Data listing
┄┄┄┄┄┄

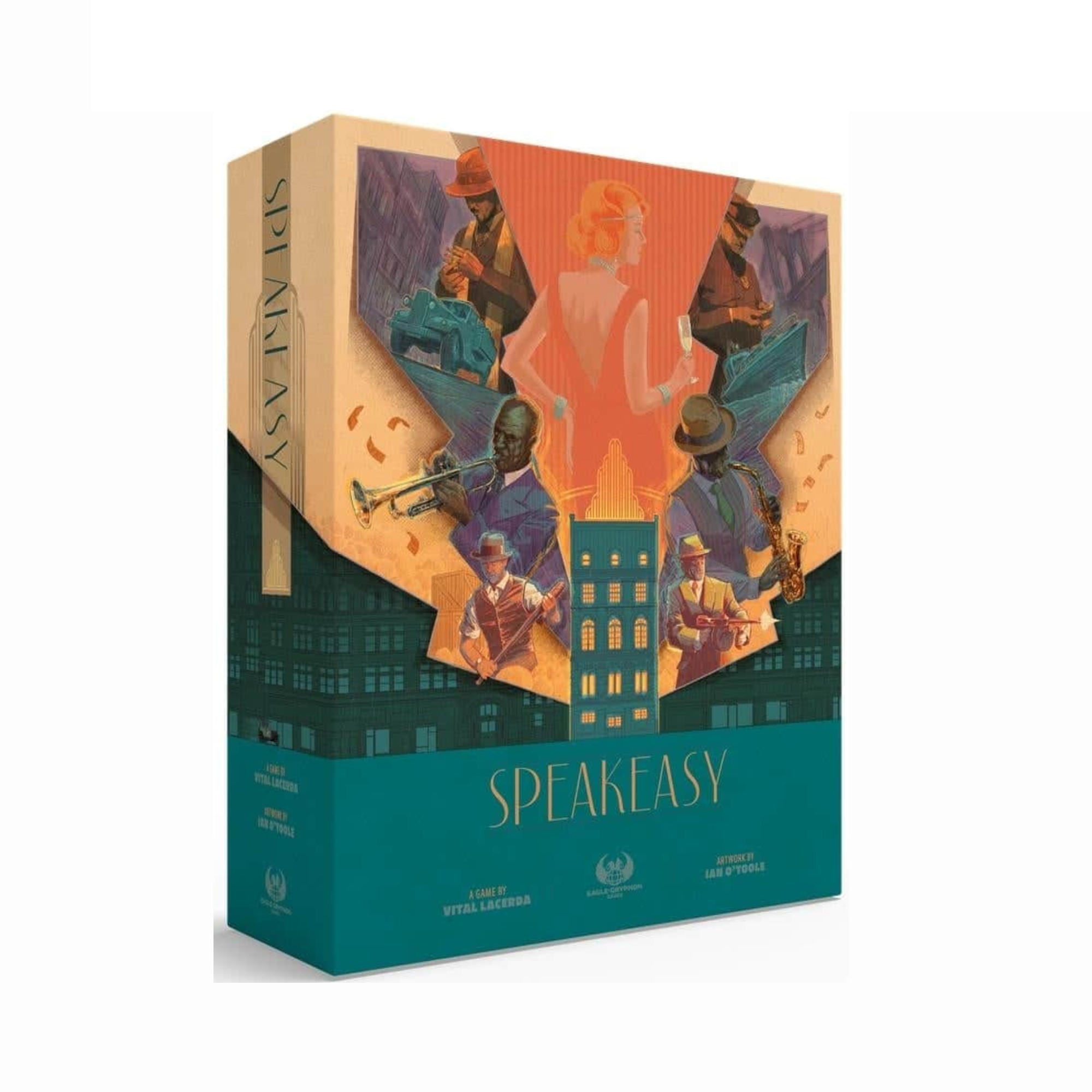 Speakeasy Edicion Kickstarter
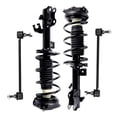 thumbnail image 4 of SCITOO Front Strut Spring Assembly, Stabilizer Bar Link Fit for 2007 2008 2009 2010 2011 2012 for Nissan Versa, 4 of 5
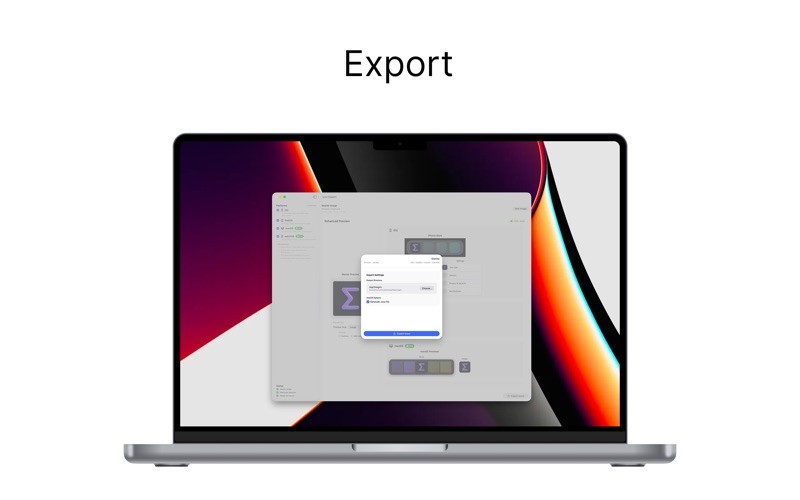 Icon Export app screenshot 3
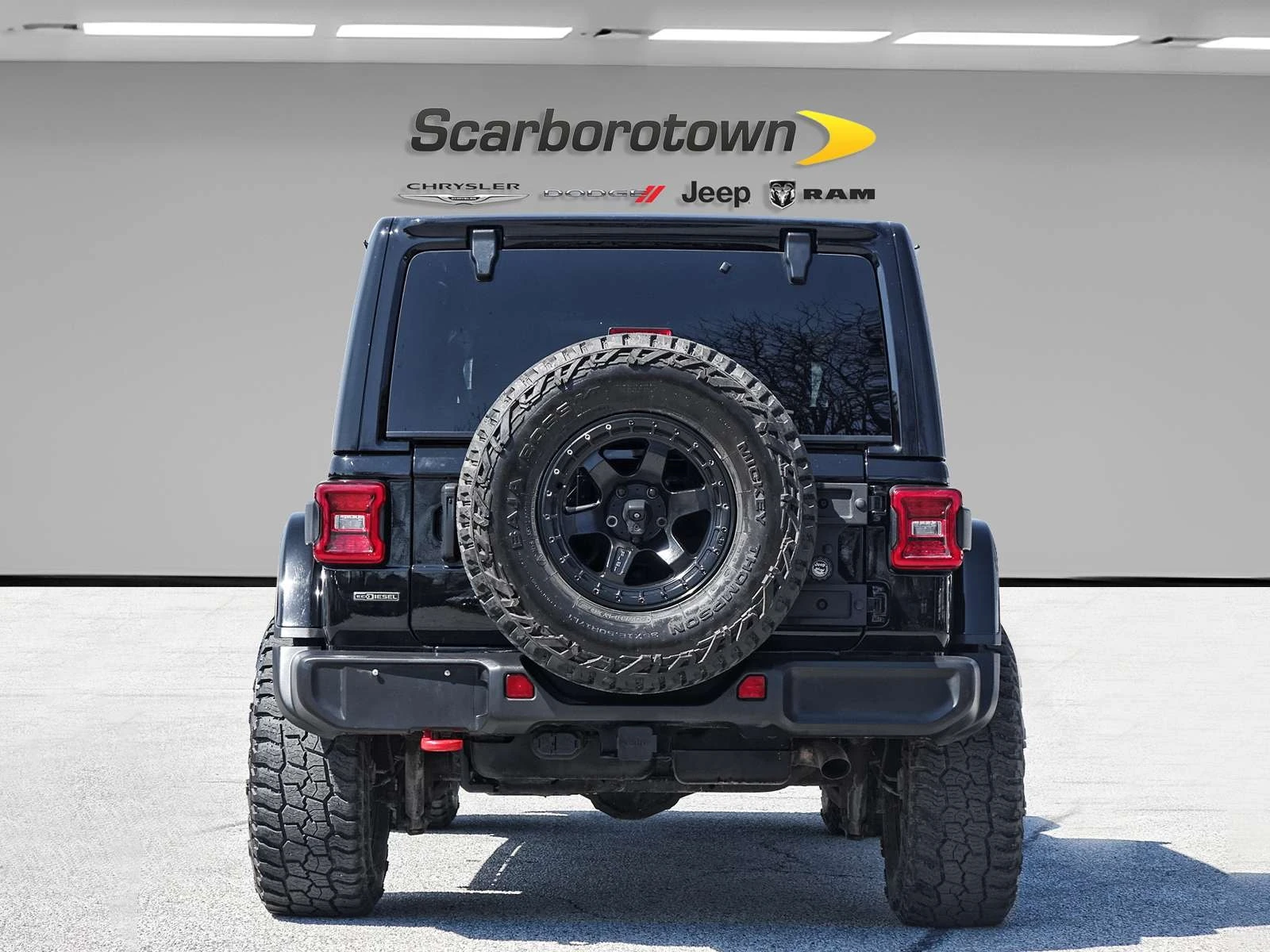 Jeep Wrangler * Unlimited Rubicon 4x4 | EcoDiesel | CarPlay | , снимка 3 - Автомобили и джипове - 55899212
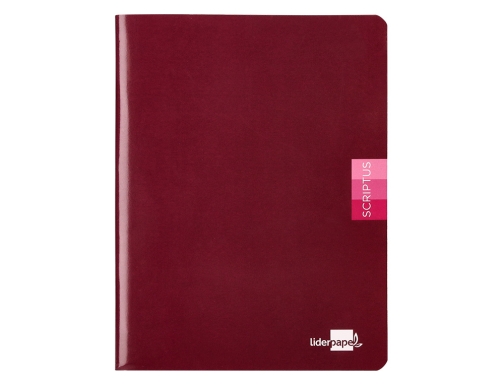 Libreta escolar Liderpapel scriptus 48h Din A5 cuadro 6 mm papel 90 48479, imagen 4 mini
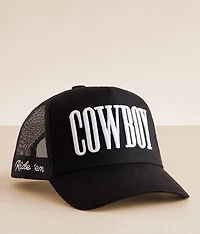 Ride 'Em Cowboy Trucker Hat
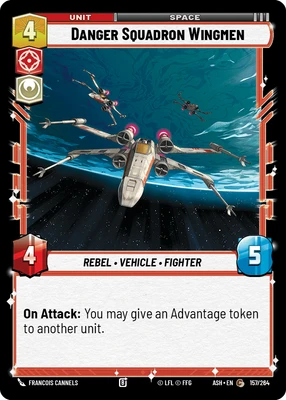 Danger Squadron Wingmen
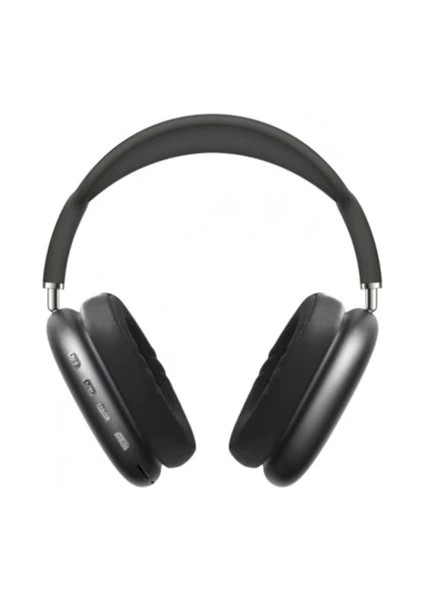 P9 Yeni Nesil Bluetooth Kulaklık Kulak Üstü Stereo Extra Bass Ses Kalitesi Ios ve Android Uyumlu Aux/sd/fm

┄┄┄┄┄┄

Task
Restate the listing word for word. Pictures do not belong in the copy.

Exercise output
 Speakeasy Edicion Kickstarter
 thumbnail image 4 of SCITOO Front Strut Spring Assembly, Stabilizer Bar Link Fit for 2007 2008 2009 2010 2011 2012 for Nissan Versa, 4 of 5
 Icon Export app screenshot 3
 Jeep Wrangler * Unlimited Rubicon 4x4 | EcoDiesel | CarPlay | , снимка 3 - Автомобили и джипове - 55899212
 Libreta escolar Liderpapel scriptus 48h Din A5 cuadro 6 mm papel 90 48479, imagen 4 mini
 Ride 'Em Cowboy Trucker Hat
 Danger Squadron Wingmen
 P9 Yeni Nesil Bluetooth Kulaklık Kulak Üstü Stereo Extra Bass Ses Kalitesi Ios ve Android Uyumlu Aux/sd/fm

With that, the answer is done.